What needs to be done: Every record below should be printed exactly as given.

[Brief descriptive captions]
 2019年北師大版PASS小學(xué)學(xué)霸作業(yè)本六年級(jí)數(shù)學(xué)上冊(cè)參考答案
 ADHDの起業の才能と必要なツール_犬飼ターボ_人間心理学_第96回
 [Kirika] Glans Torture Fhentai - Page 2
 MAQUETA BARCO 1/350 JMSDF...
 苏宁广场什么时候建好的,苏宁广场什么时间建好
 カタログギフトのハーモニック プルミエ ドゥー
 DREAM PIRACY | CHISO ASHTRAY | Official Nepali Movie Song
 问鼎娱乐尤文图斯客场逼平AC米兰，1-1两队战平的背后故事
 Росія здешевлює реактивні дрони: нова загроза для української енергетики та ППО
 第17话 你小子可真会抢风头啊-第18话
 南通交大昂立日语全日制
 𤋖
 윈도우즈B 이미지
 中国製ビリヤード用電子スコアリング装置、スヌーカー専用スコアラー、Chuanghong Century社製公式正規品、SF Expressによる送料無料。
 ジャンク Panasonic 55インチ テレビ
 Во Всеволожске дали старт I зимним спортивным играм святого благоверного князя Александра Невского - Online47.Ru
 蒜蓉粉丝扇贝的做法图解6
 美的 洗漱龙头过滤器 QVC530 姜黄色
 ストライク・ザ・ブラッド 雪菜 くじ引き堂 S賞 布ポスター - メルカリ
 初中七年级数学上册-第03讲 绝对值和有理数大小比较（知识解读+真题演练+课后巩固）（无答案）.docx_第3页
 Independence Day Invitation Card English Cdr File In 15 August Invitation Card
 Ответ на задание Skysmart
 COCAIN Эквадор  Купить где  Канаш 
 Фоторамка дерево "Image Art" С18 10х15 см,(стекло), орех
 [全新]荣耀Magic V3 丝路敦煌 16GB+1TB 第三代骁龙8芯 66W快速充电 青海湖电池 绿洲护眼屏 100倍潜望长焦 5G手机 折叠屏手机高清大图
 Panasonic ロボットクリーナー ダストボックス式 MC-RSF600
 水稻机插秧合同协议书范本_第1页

Response:
 2019年北師大版PASS小學(xué)學(xué)霸作業(yè)本六年級(jí)數(shù)學(xué)上冊(cè)參考答案
 ADHDの起業の才能と必要なツール_犬飼ターボ_人間心理学_第96回
 [Kirika] Glans Torture Fhentai - Page 2
 MAQUETA BARCO 1/350 JMSDF...
 苏宁广场什么时候建好的,苏宁广场什么时间建好
 カタログギフトのハーモニック プルミエ ドゥー
 DREAM PIRACY | CHISO ASHTRAY | Official Nepali Movie Song
 问鼎娱乐尤文图斯客场逼平AC米兰，1-1两队战平的背后故事
 Росія здешевлює реактивні дрони: нова загроза для української енергетики та ППО
 第17话 你小子可真会抢风头啊-第18话
 南通交大昂立日语全日制
 𤋖
 윈도우즈B 이미지
 中国製ビリヤード用電子スコアリング装置、スヌーカー専用スコアラー、Chuanghong Century社製公式正規品、SF Expressによる送料無料。
 ジャンク Panasonic 55インチ テレビ
 Во Всеволожске дали старт I зимним спортивным играм святого благоверного князя Александра Невского - Online47.Ru
 蒜蓉粉丝扇贝的做法图解6
 美的 洗漱龙头过滤器 QVC530 姜黄色
 ストライク・ザ・ブラッド 雪菜 くじ引き堂 S賞 布ポスター - メルカリ
 初中七年级数学上册-第03讲 绝对值和有理数大小比较（知识解读+真题演练+课后巩固）（无答案）.docx_第3页
 Independence Day Invitation Card English Cdr File In 15 August Invitation Card
 Ответ на задание Skysmart
 COCAIN Эквадор  Купить где  Канаш 
 Фоторамка дерево "Image Art" С18 10х15 см,(стекло), орех
 [全新]荣耀Magic V3 丝路敦煌 16GB+1TB 第三代骁龙8芯 66W快速充电 青海湖电池 绿洲护眼屏 100倍潜望长焦 5G手机 折叠屏手机高清大图
 Panasonic ロボットクリーナー ダストボックス式 MC-RSF600
 水稻机插秧合同协议书范本_第1页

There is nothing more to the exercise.